» WORK ITEM:
Would you please retype the records that follow, word for word?

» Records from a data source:
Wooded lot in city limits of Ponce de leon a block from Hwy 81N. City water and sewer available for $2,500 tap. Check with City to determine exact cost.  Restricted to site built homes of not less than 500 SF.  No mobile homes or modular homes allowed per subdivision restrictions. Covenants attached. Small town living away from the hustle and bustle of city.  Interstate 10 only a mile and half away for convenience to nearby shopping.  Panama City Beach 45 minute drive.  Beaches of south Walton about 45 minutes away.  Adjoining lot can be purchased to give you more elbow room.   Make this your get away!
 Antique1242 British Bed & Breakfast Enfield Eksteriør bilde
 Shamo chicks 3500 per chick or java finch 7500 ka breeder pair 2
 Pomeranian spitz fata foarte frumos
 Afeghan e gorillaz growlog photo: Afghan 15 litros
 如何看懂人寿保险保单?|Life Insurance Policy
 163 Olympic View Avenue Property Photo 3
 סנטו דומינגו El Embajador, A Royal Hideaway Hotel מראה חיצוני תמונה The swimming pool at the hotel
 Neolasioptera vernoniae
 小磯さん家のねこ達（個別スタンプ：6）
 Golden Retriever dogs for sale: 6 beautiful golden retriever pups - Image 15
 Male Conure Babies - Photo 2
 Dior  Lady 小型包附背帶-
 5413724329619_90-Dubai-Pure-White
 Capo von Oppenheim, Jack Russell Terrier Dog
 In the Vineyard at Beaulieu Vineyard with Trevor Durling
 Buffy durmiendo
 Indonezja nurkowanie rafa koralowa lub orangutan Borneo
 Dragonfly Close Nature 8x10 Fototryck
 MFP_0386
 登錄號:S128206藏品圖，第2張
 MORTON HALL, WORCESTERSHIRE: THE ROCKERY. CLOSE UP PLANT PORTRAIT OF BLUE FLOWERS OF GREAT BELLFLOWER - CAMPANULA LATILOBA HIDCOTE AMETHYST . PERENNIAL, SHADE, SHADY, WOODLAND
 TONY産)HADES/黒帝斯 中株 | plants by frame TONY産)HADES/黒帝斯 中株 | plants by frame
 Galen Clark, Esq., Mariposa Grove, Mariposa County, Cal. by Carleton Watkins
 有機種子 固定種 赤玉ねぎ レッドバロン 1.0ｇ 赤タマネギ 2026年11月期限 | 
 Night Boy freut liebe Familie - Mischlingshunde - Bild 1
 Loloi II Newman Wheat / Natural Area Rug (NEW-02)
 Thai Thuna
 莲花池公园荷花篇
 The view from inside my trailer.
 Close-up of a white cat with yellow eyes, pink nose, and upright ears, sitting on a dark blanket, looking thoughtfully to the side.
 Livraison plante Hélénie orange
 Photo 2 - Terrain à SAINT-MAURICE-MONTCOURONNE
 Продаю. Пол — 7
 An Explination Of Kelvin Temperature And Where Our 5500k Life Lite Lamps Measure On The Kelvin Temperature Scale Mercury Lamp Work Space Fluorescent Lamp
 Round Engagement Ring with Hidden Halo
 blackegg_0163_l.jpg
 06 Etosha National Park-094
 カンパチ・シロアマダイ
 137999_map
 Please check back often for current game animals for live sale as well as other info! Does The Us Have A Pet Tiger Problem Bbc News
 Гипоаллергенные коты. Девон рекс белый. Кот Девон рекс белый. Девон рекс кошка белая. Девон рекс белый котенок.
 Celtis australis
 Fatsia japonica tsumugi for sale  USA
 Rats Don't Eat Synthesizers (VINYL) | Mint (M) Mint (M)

» RESULT OF THIS TASK:
Wooded lot in city limits of Ponce de leon a block from Hwy 81N. City water and sewer available for $2,500 tap. Check with City to determine exact cost.  Restricted to site built homes of not less than 500 SF.  No mobile homes or modular homes allowed per subdivision restrictions. Covenants attached. Small town living away from the hustle and bustle of city.  Interstate 10 only a mile and half away for convenience to nearby shopping.  Panama City Beach 45 minute drive.  Beaches of south Walton about 45 minutes away.  Adjoining lot can be purchased to give you more elbow room.   Make this your get away!
 Antique1242 British Bed & Breakfast Enfield Eksteriør bilde
 Shamo chicks 3500 per chick or java finch 7500 ka breeder pair 2
 Pomeranian spitz fata foarte frumos
 Afeghan e gorillaz growlog photo: Afghan 15 litros
 如何看懂人寿保险保单?|Life Insurance Policy
 163 Olympic View Avenue Property Photo 3
 סנטו דומינגו El Embajador, A Royal Hideaway Hotel מראה חיצוני תמונה The swimming pool at the hotel
 Neolasioptera vernoniae
 小磯さん家のねこ達（個別スタンプ：6）
 Golden Retriever dogs for sale: 6 beautiful golden retriever pups - Image 15
 Male Conure Babies - Photo 2
 Dior  Lady 小型包附背帶-
 5413724329619_90-Dubai-Pure-White
 Capo von Oppenheim, Jack Russell Terrier Dog
 In the Vineyard at Beaulieu Vineyard with Trevor Durling
 Buffy durmiendo
 Indonezja nurkowanie rafa koralowa lub orangutan Borneo
 Dragonfly Close Nature 8x10 Fototryck
 MFP_0386
 登錄號:S128206藏品圖，第2張
 MORTON HALL, WORCESTERSHIRE: THE ROCKERY. CLOSE UP PLANT PORTRAIT OF BLUE FLOWERS OF GREAT BELLFLOWER - CAMPANULA LATILOBA HIDCOTE AMETHYST . PERENNIAL, SHADE, SHADY, WOODLAND
 TONY産)HADES/黒帝斯 中株 | plants by frame TONY産)HADES/黒帝斯 中株 | plants by frame
 Galen Clark, Esq., Mariposa Grove, Mariposa County, Cal. by Carleton Watkins
 有機種子 固定種 赤玉ねぎ レッドバロン 1.0ｇ 赤タマネギ 2026年11月期限 | 
 Night Boy freut liebe Familie - Mischlingshunde - Bild 1
 Loloi II Newman Wheat / Natural Area Rug (NEW-02)
 Thai Thuna
 莲花池公园荷花篇
 The view from inside my trailer.
 Close-up of a white cat with yellow eyes, pink nose, and upright ears, sitting on a dark blanket, looking thoughtfully to the side.
 Livraison plante Hélénie orange
 Photo 2 - Terrain à SAINT-MAURICE-MONTCOURONNE
 Продаю. Пол — 7
 An Explination Of Kelvin Temperature And Where Our 5500k Life Lite Lamps Measure On The Kelvin Temperature Scale Mercury Lamp Work Space Fluorescent Lamp
 Round Engagement Ring with Hidden Halo
 blackegg_0163_l.jpg
 06 Etosha National Park-094
 カンパチ・シロアマダイ
 137999_map
 Please check back often for current game animals for live sale as well as other info! Does The Us Have A Pet Tiger Problem Bbc News
 Гипоаллергенные коты. Девон рекс белый. Кот Девон рекс белый. Девон рекс кошка белая. Девон рекс белый котенок.
 Celtis australis
 Fatsia japonica tsumugi for sale  USA
 Rats Don't Eat Synthesizers (VINYL) | Mint (M) Mint (M)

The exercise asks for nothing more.